[Date Prev][Date Next][Thread Prev][Thread Next][Date Index][Thread Index]
From: Herbert J. Bernstein <yaya@bernstein-plus-sons.com>
To: Group for discussing encoding and content validation schemes for CIF2 <cif2-encoding@iucr.org>
Sent: Thursday, 30 September, 2010 14:40:21
Subject: [Cif2-encoding] Revised Motion
Dear Colleagues,
James and I had a good e-meeting and came up with the following
revised wording. If anybody objects to this motion, please speak
up now. We intend to bring this to the DDLm group and then
COMCIFS and add annexes on particular encoding-disambiguation
algorithms and signature later.
Regards,
Herbert
===============================================================
Proposed position on CIF2 character encodings submitted to
COMCIFS for a vote as an interim agreement on what can be
agreed thus far, subject to extension and refinement in
the future.
===============================================================
Reference to character(s) means abstract characters assigned code
points by Unicode. Specific characters are referenced according to
Unicode convention, U+xxxx[x[x]], where xxxx[x[x]] is the four- to
six-digit hexadecimal representation of the assigned code point.

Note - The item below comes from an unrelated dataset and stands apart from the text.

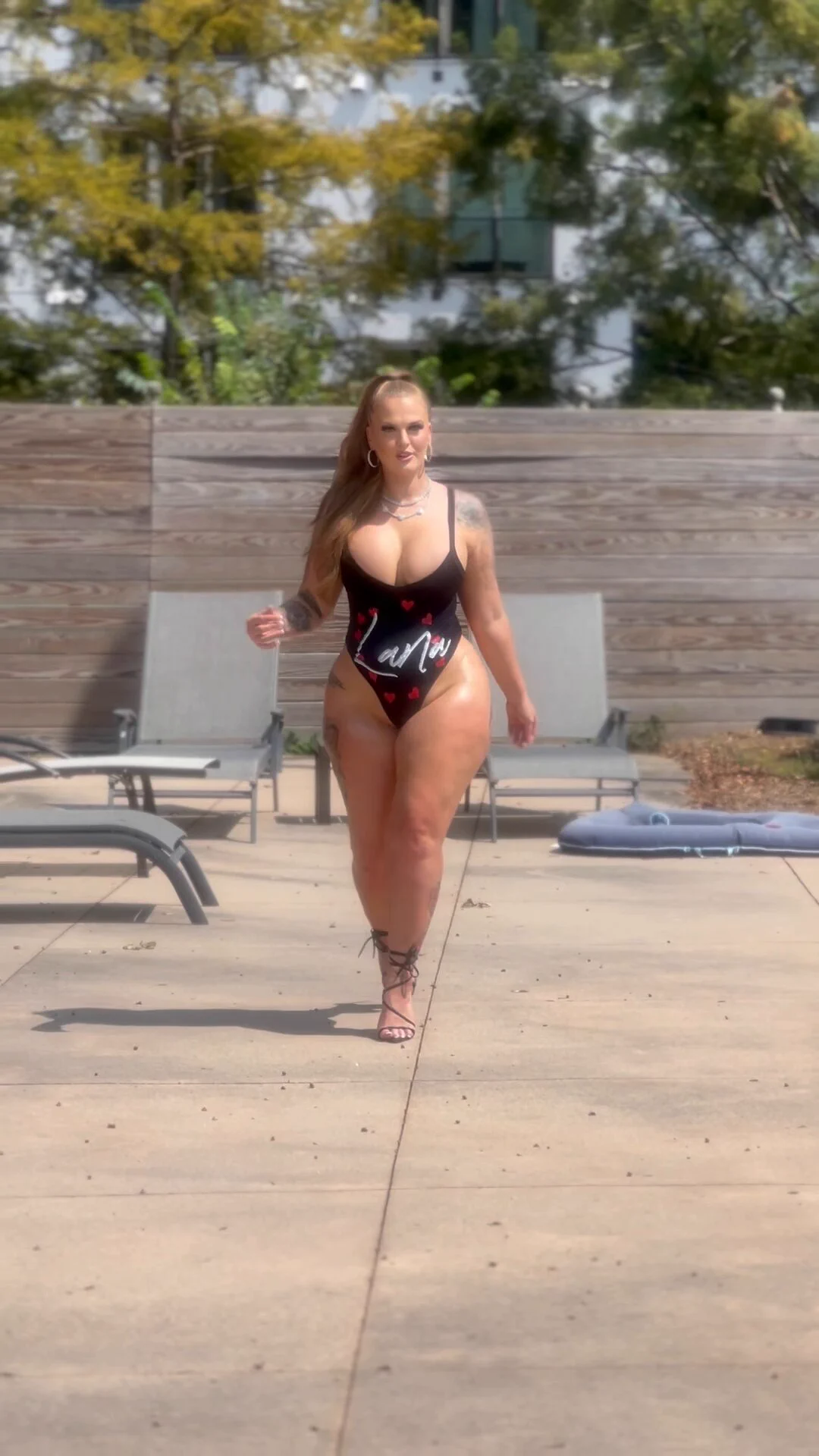 RATE HER THICKNESS 1-10 https://t.co/tIxOlFyXKl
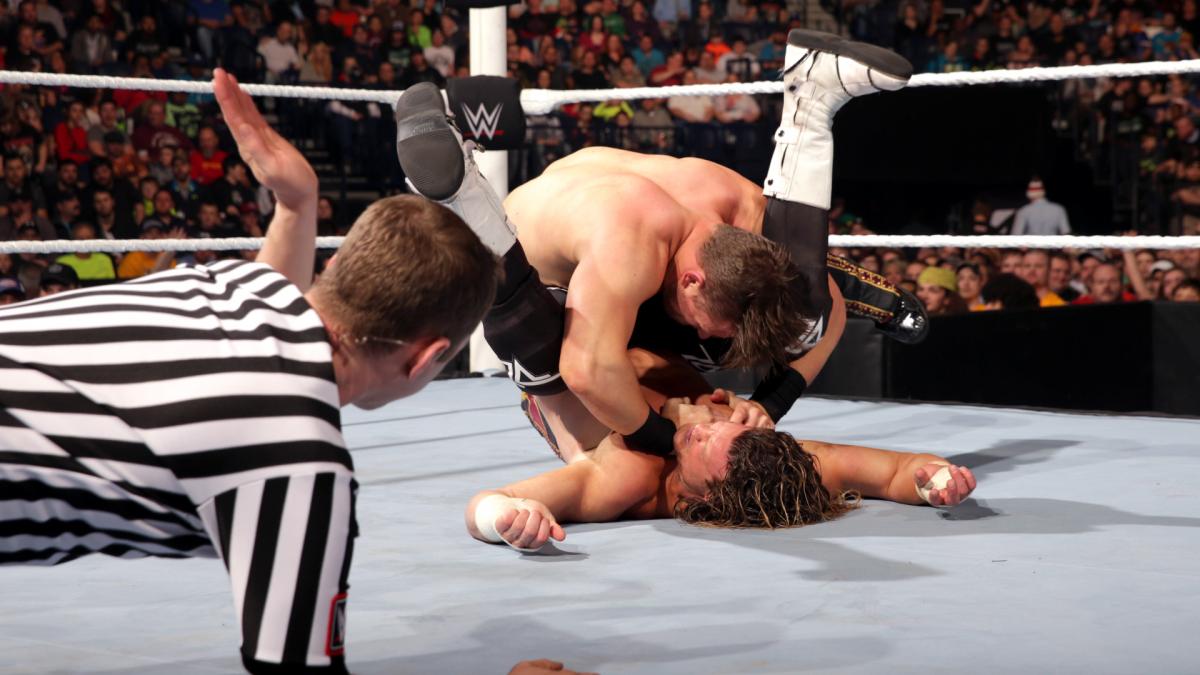 The Miz and Dolph Ziggler. Wrestling schoolboypin. Pinfall. Pin (professional Wrestling).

The designated character encoding for CIF2 is UTF-8 as the preferred
concrete representation of the information in a CIF2 document.
Reference to ASCII characters means characters U+0000 through U+007F, or,
equivalently the first 128 characters of the ISO-8859-1 (LATIN-1)
character set.
Reference to newline or \n means the sequence that conventionally
terminates a line record (which is environment dependent).
Reference to whitespace means the characters ASCII space (U+0020),
ASCII horizontal tab (U+0009) and the newline characters. Without
regard to local convention, the various other characters that
Unicode classifies as whitespace (character categories Zs and Zp) do
not constitute whitespace for the purposes of CIF2.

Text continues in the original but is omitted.